Enforcement is Expensive
Kentucky officials say requiring work permits would save the state $2.4 billion in the first five years, but nearly half of that savings would be spent ensuring that the state’s million-plus Medicaid recipients comply with the new rules.
“Even the basic ideological argument for work requirements — that people should earn their government benefits — collapses under scrutiny. Numerous analyses have indicated that a clear majority of Medicaid recipients who can work already do work,” the Times editorial concludes.
Seema Verma Blames Democrats
As expected, the Trump Administration is blaming the Democrats for soaring health insurance prices.
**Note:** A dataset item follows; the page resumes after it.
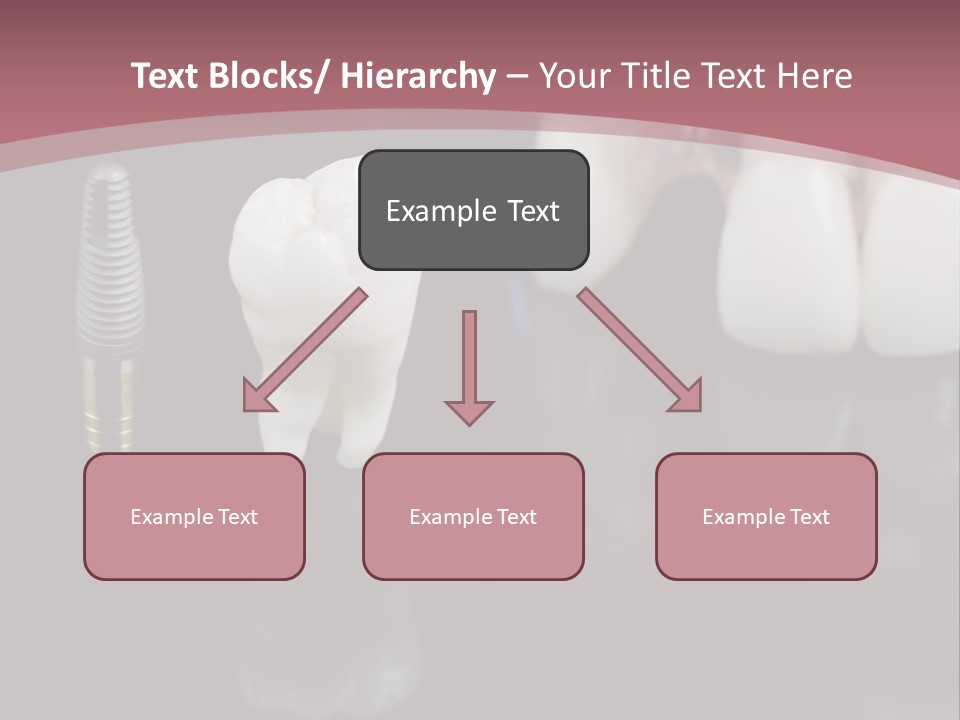 Orthodontic Pink Distraction PowerPoint Template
“Reports show that the high price plans on the individual market are unaffordable and are forcing unsubsidized middle class consumers to drop coverage,” said Centers for Medicare and Medicaid Services Administrator Seema Verma.
It’s obvious to Democrats that the instability caused by the Tax Cuts and Jobs Act of 2017, repealing the individual mandate that fines citizens who don’t pay for health insurance, is what’s causing healthcare premiums to spike.
Medicaid is an $11-billion-a-year program that provides health coverage to about 1.4 million Kentuckians, about 600,000 of them children.
The Federal government funds about 80 percent of Kentucky’s Medicaid expenditures, which is why Trump is so eager to dump it.
Before Obamacare expanded the Medicaid program in Kentucky, only the disabled, blind and needy families with dependent children were covered by Medicaid, according to the Washington Post.
Given Bevin’s cold-blooded policy aimed at the working poor, and Trump’s promised coal jobs that have never materialized, Kentucky may be poised for a swing in parties during the midterms and in the 2020 Presidential election.